Ubuntu on mac

This is part of the Semicolon&Sons Code Diary - consisting of lessons learned on the job. You're in the virtual-machines category.

Last Updated: 2024-11-23

I realized that it is wasteful to learn macOS system tools when I deploy and test exclusively on Linux machines. What's more, with macOS being closed source, the opportunities for learning how things work are reduced, the documentation is worse, and generally my learning is limited.

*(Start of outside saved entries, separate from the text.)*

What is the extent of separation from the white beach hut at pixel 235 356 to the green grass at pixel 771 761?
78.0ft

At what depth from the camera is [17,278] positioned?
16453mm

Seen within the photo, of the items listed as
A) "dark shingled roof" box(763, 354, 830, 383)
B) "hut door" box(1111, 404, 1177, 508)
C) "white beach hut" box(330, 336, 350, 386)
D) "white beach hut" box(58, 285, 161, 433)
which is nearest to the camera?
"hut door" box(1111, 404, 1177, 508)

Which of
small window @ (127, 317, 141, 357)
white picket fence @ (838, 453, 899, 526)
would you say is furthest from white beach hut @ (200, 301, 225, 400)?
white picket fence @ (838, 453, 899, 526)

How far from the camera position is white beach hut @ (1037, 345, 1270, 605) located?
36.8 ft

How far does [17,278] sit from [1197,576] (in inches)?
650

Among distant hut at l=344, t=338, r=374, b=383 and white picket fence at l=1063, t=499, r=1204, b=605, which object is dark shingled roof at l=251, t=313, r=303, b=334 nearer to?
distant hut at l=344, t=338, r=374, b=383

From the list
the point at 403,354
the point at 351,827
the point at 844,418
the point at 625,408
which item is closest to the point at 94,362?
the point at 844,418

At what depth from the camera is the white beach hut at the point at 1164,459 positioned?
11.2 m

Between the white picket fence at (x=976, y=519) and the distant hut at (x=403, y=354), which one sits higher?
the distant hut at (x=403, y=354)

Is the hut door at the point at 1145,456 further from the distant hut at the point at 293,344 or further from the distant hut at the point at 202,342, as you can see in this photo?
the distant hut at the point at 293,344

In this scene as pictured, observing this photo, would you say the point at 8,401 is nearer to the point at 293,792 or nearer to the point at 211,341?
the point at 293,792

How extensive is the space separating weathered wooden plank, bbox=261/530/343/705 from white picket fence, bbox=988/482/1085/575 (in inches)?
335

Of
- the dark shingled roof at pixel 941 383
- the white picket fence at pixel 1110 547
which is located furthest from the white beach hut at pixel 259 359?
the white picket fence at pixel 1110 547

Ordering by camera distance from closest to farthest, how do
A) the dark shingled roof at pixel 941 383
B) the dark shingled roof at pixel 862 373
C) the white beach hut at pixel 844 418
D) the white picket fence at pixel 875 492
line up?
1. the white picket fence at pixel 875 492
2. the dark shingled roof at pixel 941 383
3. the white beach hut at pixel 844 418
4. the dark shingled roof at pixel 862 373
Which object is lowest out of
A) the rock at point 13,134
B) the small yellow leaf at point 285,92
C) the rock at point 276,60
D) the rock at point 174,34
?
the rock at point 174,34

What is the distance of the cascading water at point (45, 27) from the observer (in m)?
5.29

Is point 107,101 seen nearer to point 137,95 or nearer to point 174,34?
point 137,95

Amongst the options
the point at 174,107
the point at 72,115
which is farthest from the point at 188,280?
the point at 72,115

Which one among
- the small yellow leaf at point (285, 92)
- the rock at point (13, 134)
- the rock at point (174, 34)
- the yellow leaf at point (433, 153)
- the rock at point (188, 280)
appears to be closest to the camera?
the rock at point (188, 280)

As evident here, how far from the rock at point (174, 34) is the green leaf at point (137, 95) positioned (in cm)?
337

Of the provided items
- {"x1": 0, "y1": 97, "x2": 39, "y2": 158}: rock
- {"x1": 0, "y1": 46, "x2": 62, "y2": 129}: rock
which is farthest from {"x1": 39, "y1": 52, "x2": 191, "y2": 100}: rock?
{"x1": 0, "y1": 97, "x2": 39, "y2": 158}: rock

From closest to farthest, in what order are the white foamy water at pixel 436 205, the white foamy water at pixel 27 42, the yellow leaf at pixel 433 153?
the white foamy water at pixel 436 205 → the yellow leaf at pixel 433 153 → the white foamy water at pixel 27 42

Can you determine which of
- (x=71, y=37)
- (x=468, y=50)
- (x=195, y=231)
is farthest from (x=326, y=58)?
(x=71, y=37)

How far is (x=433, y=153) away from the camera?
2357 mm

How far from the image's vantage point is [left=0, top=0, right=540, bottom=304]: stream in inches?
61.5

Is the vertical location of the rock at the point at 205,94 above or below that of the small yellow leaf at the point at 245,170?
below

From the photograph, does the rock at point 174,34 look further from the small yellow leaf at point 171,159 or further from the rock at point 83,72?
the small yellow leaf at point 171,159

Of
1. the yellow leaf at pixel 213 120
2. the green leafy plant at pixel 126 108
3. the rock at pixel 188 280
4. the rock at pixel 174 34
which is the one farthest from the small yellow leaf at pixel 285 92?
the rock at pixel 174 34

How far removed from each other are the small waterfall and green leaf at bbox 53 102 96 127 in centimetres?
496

Therefore I've resolved to do future development on Linux — but while still on my mac. A side goal would to test deploys/provisioning locally before putting them live.

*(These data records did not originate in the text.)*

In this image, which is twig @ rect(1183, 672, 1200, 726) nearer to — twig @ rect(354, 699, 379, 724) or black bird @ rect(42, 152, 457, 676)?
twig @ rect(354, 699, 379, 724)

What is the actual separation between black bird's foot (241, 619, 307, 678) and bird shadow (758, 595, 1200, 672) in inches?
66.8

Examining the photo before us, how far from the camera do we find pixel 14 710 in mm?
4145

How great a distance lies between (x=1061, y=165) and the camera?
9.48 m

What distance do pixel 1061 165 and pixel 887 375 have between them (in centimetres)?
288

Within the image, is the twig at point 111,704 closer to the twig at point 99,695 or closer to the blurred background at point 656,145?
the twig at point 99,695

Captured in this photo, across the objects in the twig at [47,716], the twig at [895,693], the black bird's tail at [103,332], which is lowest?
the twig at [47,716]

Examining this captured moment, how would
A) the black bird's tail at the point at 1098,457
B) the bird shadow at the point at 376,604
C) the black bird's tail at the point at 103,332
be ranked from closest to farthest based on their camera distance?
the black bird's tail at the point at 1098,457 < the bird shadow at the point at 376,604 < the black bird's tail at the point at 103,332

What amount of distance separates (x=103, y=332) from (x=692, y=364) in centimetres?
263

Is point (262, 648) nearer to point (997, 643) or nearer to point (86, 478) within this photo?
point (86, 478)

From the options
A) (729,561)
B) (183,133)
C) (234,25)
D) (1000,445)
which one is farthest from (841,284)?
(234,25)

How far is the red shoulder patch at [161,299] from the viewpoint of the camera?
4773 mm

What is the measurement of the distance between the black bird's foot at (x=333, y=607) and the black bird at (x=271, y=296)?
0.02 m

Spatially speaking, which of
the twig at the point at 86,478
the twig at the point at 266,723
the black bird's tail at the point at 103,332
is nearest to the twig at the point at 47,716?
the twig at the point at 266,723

The solution I've decided upon is vagrant with virtualbox using ansible to build stuff.

Prerequisites

brew cask install vagrant virtualbox
brew install ansible`

Starting a project

Chose an image and init

$ vagrant init ubuntu/xenial64

CLI Basics

Get things going (and load VirtualBox GUI if there)

$ vagrant up

Login with SSH

$ varant ssh

Shut down

$ vagrant halt

Delete

$ vagrant destory

Default credentials

Clipboard

You need to install tools to enable it

# Run all these commands on your host machine
vagrant plugin install vagrant-vbguest
# maybe if it does not work after provisioning
vagrant vbguest install
# Vagrantfile
config.vm.provider 'virtualbox' do |vb|
  vb.customize ['modifyvm', :id, '--clipboard', 'bidirectional']
end

# on a fresh install, ubuntu does not know ANY packages
sudo apt-get update
sudo apt-get install clipit

Windows Display (for GUI)

By default echo $DISPLAY gives nothing.

Will not be work unless you install a window manager:

sudo apt install xfce4
startxfce4&

You must also assign sufficient video RAM for it to work:

config.vm.provider 'virtualbox' do |vb|
  # Display the VirtualBox GUI when booting the machine
  vb.gui = true
  vb.customize ["modifyvm", :id, "--vram", "<vramsize in MB>"]
end

Run commands on provisioning

config.vm.provision 'shell', inline: 'sudo apt-get update'

What is virtualbox?

Dev process

Work on the code in the host machine (i.e. edit files etc.), but use config.vm.synced to sync to virtual machine.

In another tab run commands within the virtual machine.